Paithan rechazó la propuesta con un gesto de cabeza.

—Eso estaría bien, si supiéramos dónde encontrarlos. O si hubiera todavía algún superviviente...

—Yo sé cómo hacerlo —declaró Aleatha—. ¿Verdad que sí?

—¿Con quién hablas, Thea? —preguntó Paithan, algo asustado.

Sí, lo sabes,
fue la respuesta.

—Pero ahora no tengo el amuleto —dijo la elfa.

No lo necesitas. Espera a que se encienda la luz de la estrella.

—Por aquí —indicó Aleatha a los demás, con confianza—. Venid conmigo.

Se despojó del chal y lo extendió respetuosamente sobre el cuerpo de Drugar. Roland y Paithan levantaron del suelo al enano. Rega se colocó junto a Aleatha y avanzó a su altura. Todos juntos, entraron en el laberinto.

—¿Puedo levantarme ya? —preguntó una voz quisquillosa.

—Sí, señor, pero debes darte prisa. Los otros podrían volver en cualquier momento.

El montón de escombros empezó a moverse. Unos cuantos ladrillos de la parte superior rodaron hasta el suelo.

—¡Estáte quieto, señor, por favor! —exclamó el dragón.

—Podrías echarme una mano —murmuró la voz irritada—. O una zarpa. Lo que estés usando en este momento.

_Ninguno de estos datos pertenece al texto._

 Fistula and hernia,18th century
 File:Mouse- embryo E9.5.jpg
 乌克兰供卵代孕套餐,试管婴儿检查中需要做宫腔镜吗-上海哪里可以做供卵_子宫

Con un suspiro de resignación, el dragón empezó a escarbar entre los cascotes con una mano de escamas verdes. Finalmente, tras agarrar al viejo por el cuello de su túnica de color gris rata (que en aquel momento presentaba un tono rojizo ladrillo), el dragón extrajo al viejo de las ruinas de la estancia.

—¡Me echaste encima esa pared a propósito! —exclamó el anciano, agitando el puño.

—Fue necesario, señor —respondió el dragón, ceñudo—. Estabas respirando.

—¡Pues claro que respiraba! —Exclamó su interlocutor con marcado enojo—. ¡Uno sólo puede contener el aliento unos minutos! ¿O acaso esperabas que me pusiera azul y me muriese de veras?